She had been slightly off balance as she straightened her knees, and reached vertical with her center of gravity a little outside the support area outlined by her feet. There is a normal human response to this situation, usually acquired during the first year or so after birth: one picks up the foot nearest the direction of tilt and moves it farther in that direction to extend the support area, but not so far as to make reaction initiate a fall the other way.

The reflex, of course, is normally acquired in Earth gravity, and one or two of the watchers wondered very briefly whether she would overcontrol, but they never found out. The major started to pick up the appropriate foot, the right one, but it refused to pick up. The couple resulting from pull on this one and third-law push on the other tilted her even farther to her right. By the time she reached thirty degrees all eyes were on their screens, and at least three hypotheses were being developed.

“You’ve melted yourself in!” cried Martucci. Inger, whose idea involved close contact between soles and surface plus Titan’s high air pressure, said nothing but thought furiously. Goodall, already wondering how simple the chemistry for a thermotropic reaction could possibly be, called, “See whether it’s pulling in around your boots or if you’re just sinking!”

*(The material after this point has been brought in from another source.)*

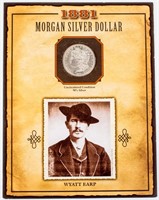 Coin 1881-S Morgan Silver Dollar Wyatt Earp Card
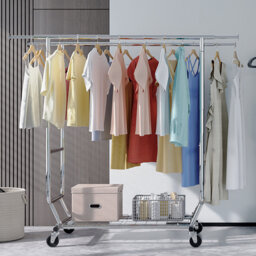 Double Rail Clothes Rack on Wheels, 295kg(650lbs) Capacity with Bottom Shelf, Extendable Length & Height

Major Xalco was moved to answer this.
“Just
sinking? I’m
stuck
, you old idiot! What do I do?”

“Find out why,” the colonel replied calmly from the safety and freedom from immediate responsibility of a seven-hundred-kilometer-high orbit.

“Try to tilt and slide one boot at a time,” proffered Inger.

“Can anyone guess how much jet exhaust a suit will take from, say, twenty meters?” asked Belvew. “I assume no one
knows
.”

While the woman tried unsuccessfully to implement Barn’s suggestion, and then less enthusiatically to follow Goodall’s instruction, Gene, already in his waldo suit, silently preflighted
Theia
, which he could now control. Xalco had filled the tanks conscientiously on the way down, apparently without melting her wing “ice”—that would have to be discussed sometime—and the landing had depleted them only a little; there was much more than enough juice for a takeoff.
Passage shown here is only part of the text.